Citizens for Responsibility in Ethics (CREW) filed a lawsuit demanding that DOGE answer its Freedom of Information Act (FOIA) requests. The U.S. District Court for the District of Columbia ordered DOGE to respond to discovery to help determine whether DOGE is an agency covered by FOIA. 

DOGE has now appealed those orders to the U.S. Supreme Court. DOGE is arguing courts may only rely on executive orders that establish part of the Executive Office of the President to determine whether DOGE — or any other government entity established by the executive branch — is subject to FOIA.

CLC has joined the case with an amicus (or friend-of-the-court) brief representing government transparency professors whose research, teaching and writing focus on information and transparency law.  

CLC’s brief argues that the history of FOIA does not require courts to simply accept the government’s assessment of what is or is not an agency for purposes of FOIA, and how adopting such a rule would permit the government to evade the public’s right to transparency.  

What’s At Stake?

The government cannot decide for itself if it’s subject to FOIA or not.

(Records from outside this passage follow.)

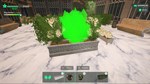 * ShoppingMall: Manager Simulator * Steam Gift АВТО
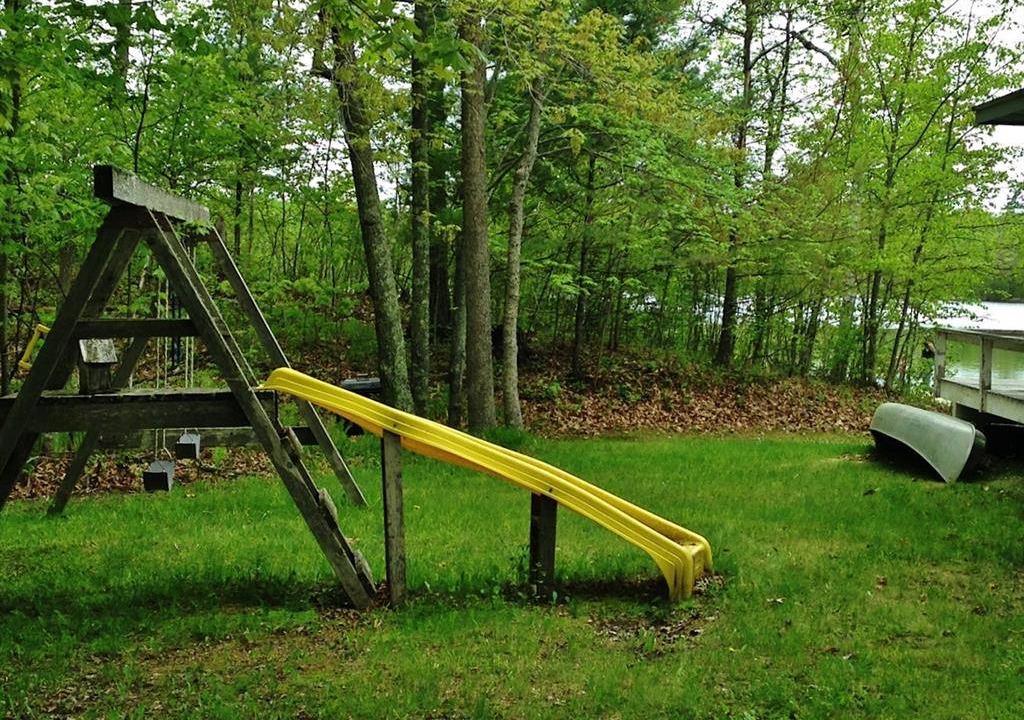Photo of Others in Longville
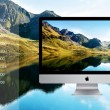 怎样把图片文字转换成word文档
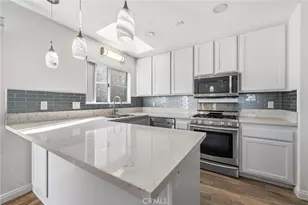 8689 Moody, Cypress, CA 90630 - Photo 3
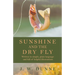 Sunshine and the Dry Fly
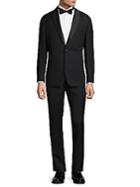 Vince Camuto Slim-fit Wool Tuxedo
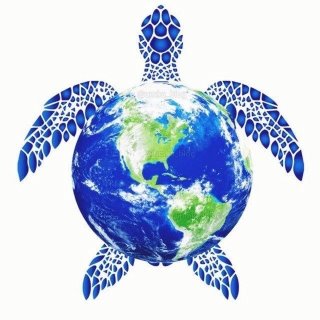 География и факты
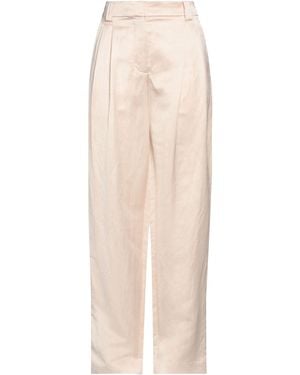 A.L.C. Hose - Natur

A legal test like this would undermine the purpose of FOIA and other transparency laws.  

This transparency law has historically been applied on the basis of a government entity’s activities, not just on what the government says.  

Accepting the government’s interpretation would allow and incentivize presidents to create more entities similar to DOGE that can operate within a black box and avoid transparency laws.